[Update] Jio Financial Services Raises $450 Mn Amid Super App Push
Inc42 September 03, 2025 10:39 PM

Update | September 3, 3:07 PM

Over a month after announcing its plans to raise INR 15,825 Cr (about $1.8 Bn) from the members of its promoter group, fintech major Jio Financial Services (JFS) has raised INR 3,956.3 Cr ($449.3 Mn), or 25% of the round.

In an exchange filing, the company said that it allotted 50 Cr warrants at an issue price of INR 316.5 apiece to Sikka Ports & Terminals and Jamnagar Utilities & Power Pvt Ltd.

While 25 Cr shares were allotted to Sikka Ports for INR 1,978.1 Cr, the remaining warrants were allotted to Jamnagar Utilities for the same amount.

Shares of the company were trading 0.18% higher at INR 312 on the BSE.

Original | July 30, 6:33 PM

Fintech major Jio Financial Services (JFS) is looking to raise INR 15,825 Cr (about $1.8 Bn) via a private placement of convertible warrants to members of its promoter group, Sikka Ports & Terminals and Jamnagar Utilities & Power Pvt Ltd.

In an exchange filing, the company said that its board approved the issuance of up to 50 Cr warrants for INR 316.5 each.

“Warrants are convertible into fully paid-up equity shares of the company, in one or more tranches, at any time on or before the expiry of 18 (eighteen) months from the date of allotment and the unconverted warrants shall lapse, and the amount paid by the warrant holder on such warrants shall stand forfeited,” the filing read.

Following the investment, Sikka Ports’ shareholding in JFS will increase to 4.65% and Jamnagar Utilities will hold 5.52% stake in the company. The timeline for the completion of the round is yet to be announced.

While JFS didn’t disclose the reason behind the fundraise, the funding comes at a time when it is putting its fintech super app plans in motion.

The company’s JioFinance app offers bill payments, RuPay credit card Linkages, digital savings account, loans, mutual fund investments, digital gold investments, insurance, and more.

Over the past few months, JFS increased its shareholding in its banking arm to Jio Payments Bank and also entered the asset management space via its joint venture (JV) with BlackRock.

The company has formed multiple JVs with BlackRoc. Last month, its JV with the global asset management company got SEBI nod to operate as a brokerage.

“On the digital front, the JioFinance app is rapidly growing as our central digital hub for retail financial products. You will hear from us in the days to come regarding upcoming enhancements to the app, which will make it even more intuitive and intelligent. The aim, really, is to provide a seamless, hyper-personalised platform for both our own offerings as well as products from other well-known financial brands,” JFS MD and CEO Hitesh Sethia said during the company’s Q1 earning call.

On the financial front, JFS’ profit grew 4% to INR 324.7 Cr in Q1 FY26 from INR 312.6 Cr in the same quarter of previous year. Operating revenue jumped 48% to INR 612.5 Cr during the quarter from INR 417.8 Cr in Q1 FY25.
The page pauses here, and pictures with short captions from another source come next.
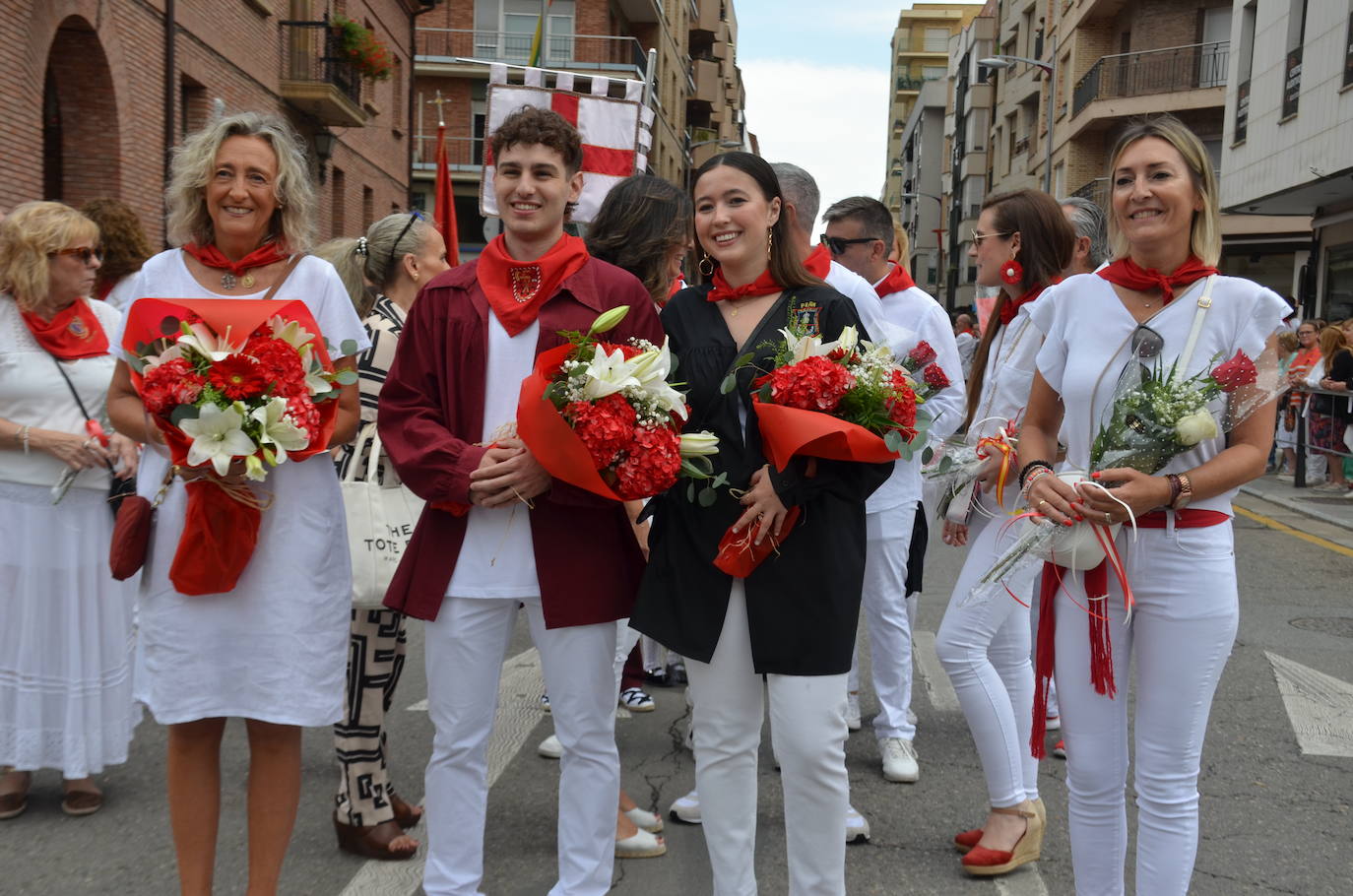 Las imágenes de la ofrenda de flores a los patronos en Calahorra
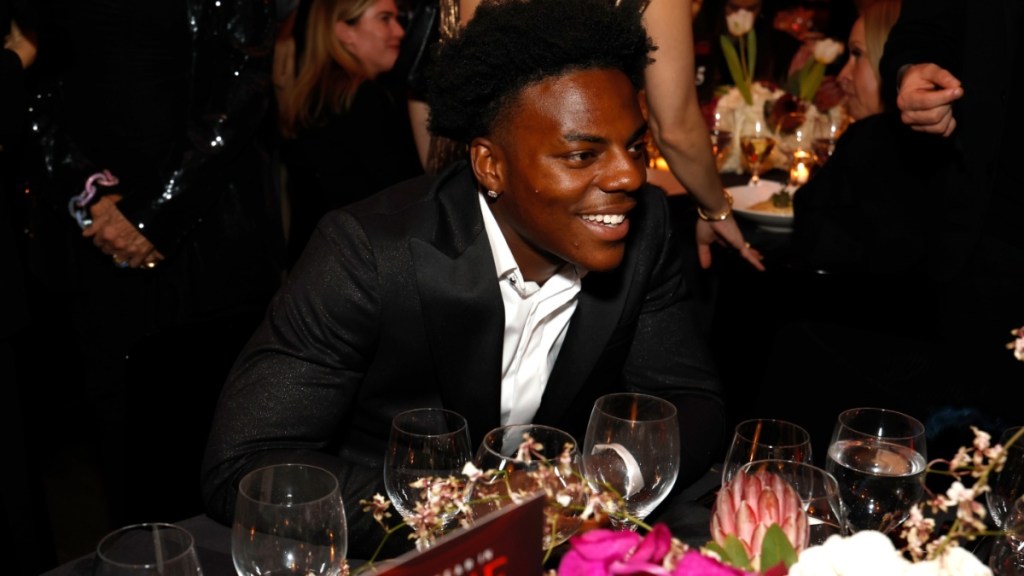 IShowSpeed’s Traditional Dance in Viral Clip Wins Over Fans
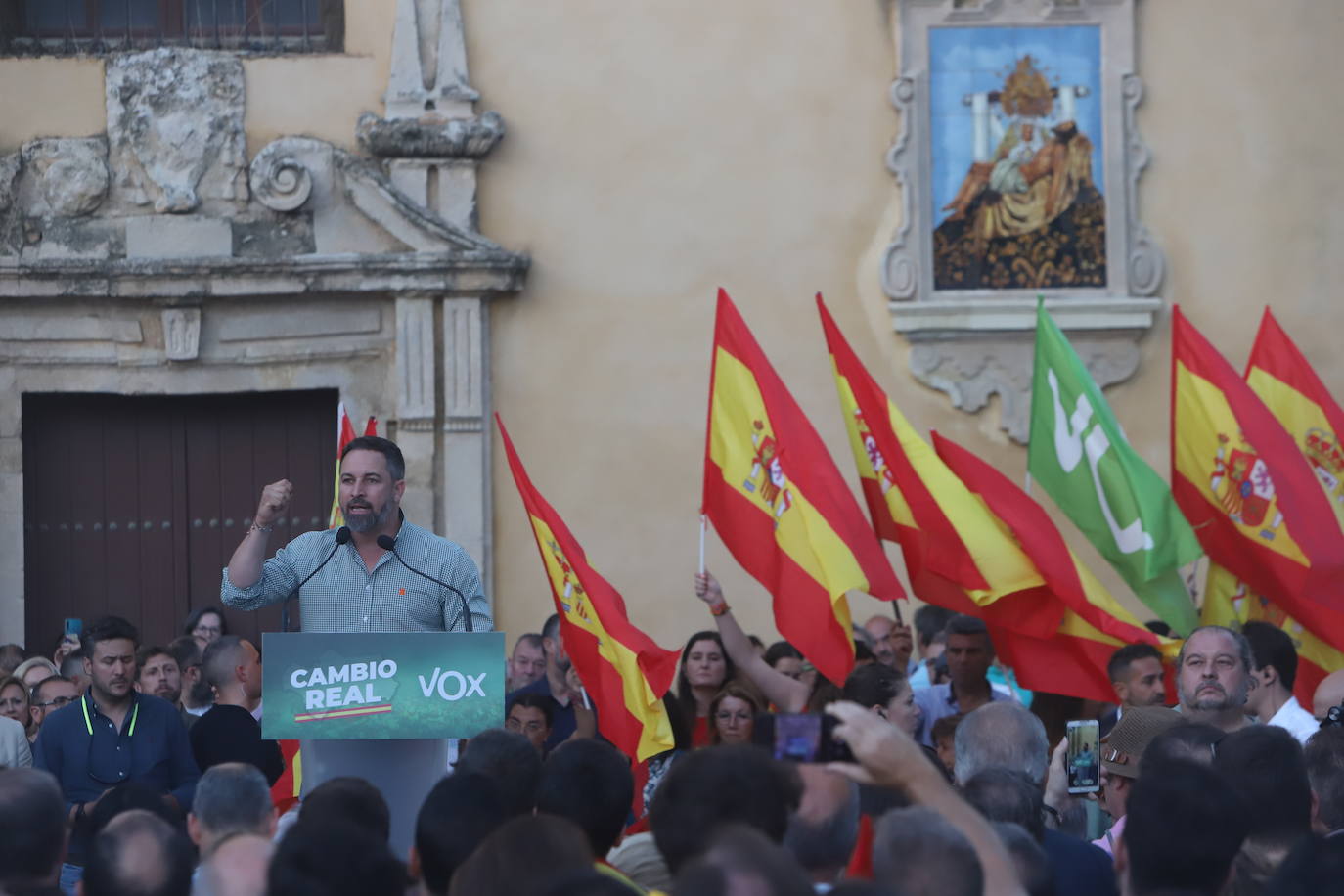 El mitin de Abascal y Olona (Vox) en Córdoba, en imágenes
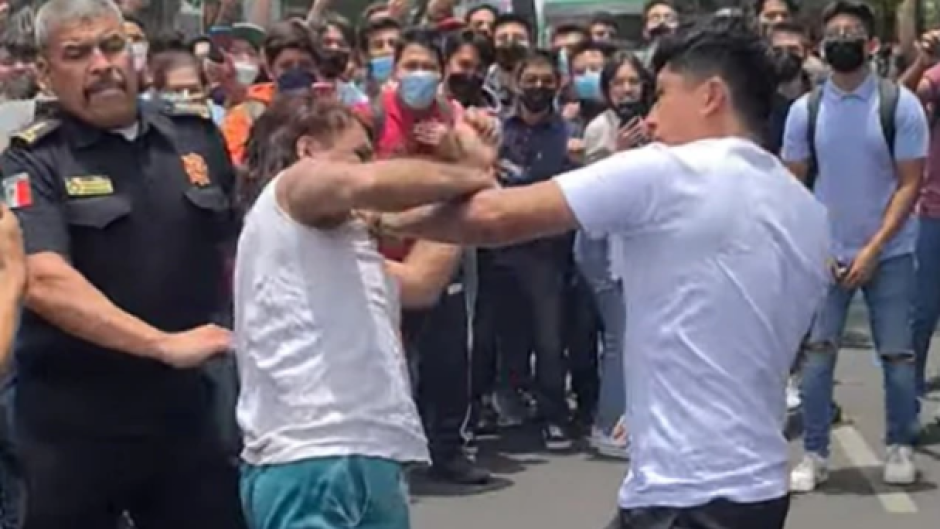 Pelea entre alumno y maestro del IPN se viraliza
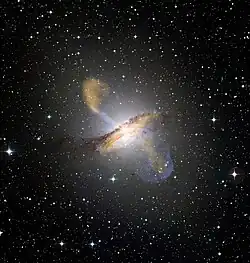 Imagen de la galaxia Centaurus A realizada mediante combinación de imágenes del telescopio MPG/ESO, y del Observatorio de rayos X Chandra. Es el único caso conocido de una "Ellíptica Starburst".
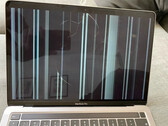 Einige Nutzer von M1 MacBooks klagen über Display-Brüche, angeblich ohne eigenes Zutun. (Bild: 9to5Mac)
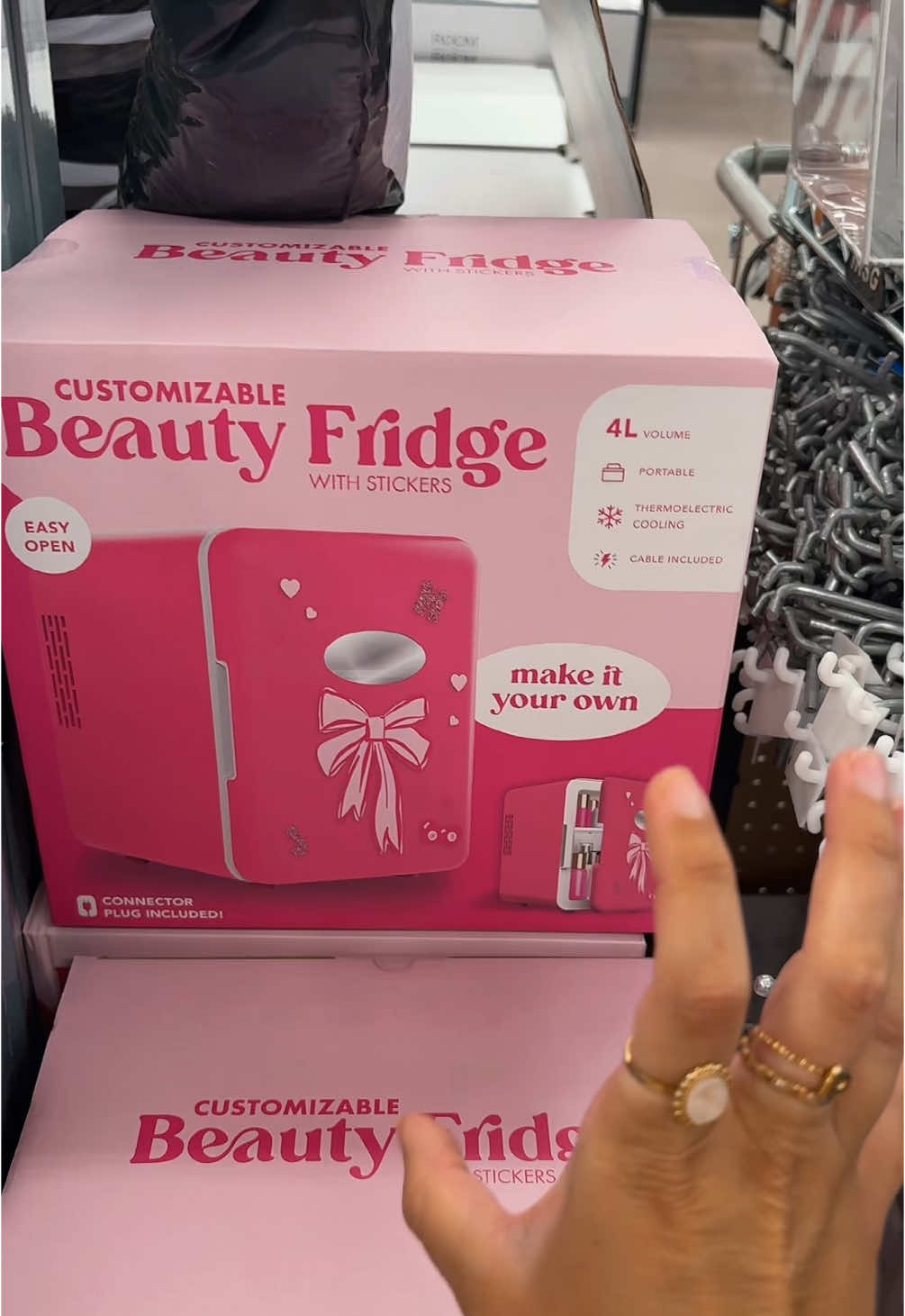 i can’t get over this🤭🤏🏼🎀💖 #fivebelow #fivebelowtok #fivebelowfinds #fivebelowhaul #affordable #affordablefashion #affordablemakeup #affordableskincare #grwm #haul #haultok #hauls #shop #shopwithme #comeshoppingwithme #comeshopwithme #shoptok #savemoney #LifeHack #fyp #foryou #foryoupage #preppy #viralproducts #trendy #boujeeonabudget #paigecons #shopping #fashiontiktok #outfit #style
How JFS’ $2 Bn Warchest Could Shake Up The Fintech Ecosystem

While the company hasn’t disclosed any specific reasoning behind raising the fresh capital from its promoters, how JFS is currently placed in the fintech ecosystem gives us a glance at what could potential come forth from the company’s ambit.

Insurance Sector Entry: Just days ago, JFS formed a reinsurance joint venture with Allianz Group and is planning further joint ventures in life and general insurance. This capital is crucial for building out the new, capital-intensive insurance business.

Scaling Lending and Asset Management: JFS is actively scaling its presence in consumer lending and asset management. The fresh capital will provide the necessary firepower to expand its loan book, invest in technology and digital infrastructure for its various financial products (Jio Credit, Jio Payments Bank, Jio BlackRock Asset Management). Important to mention that JFS had also infused INR 1,000 Cr in its NBFC arm earlier this year.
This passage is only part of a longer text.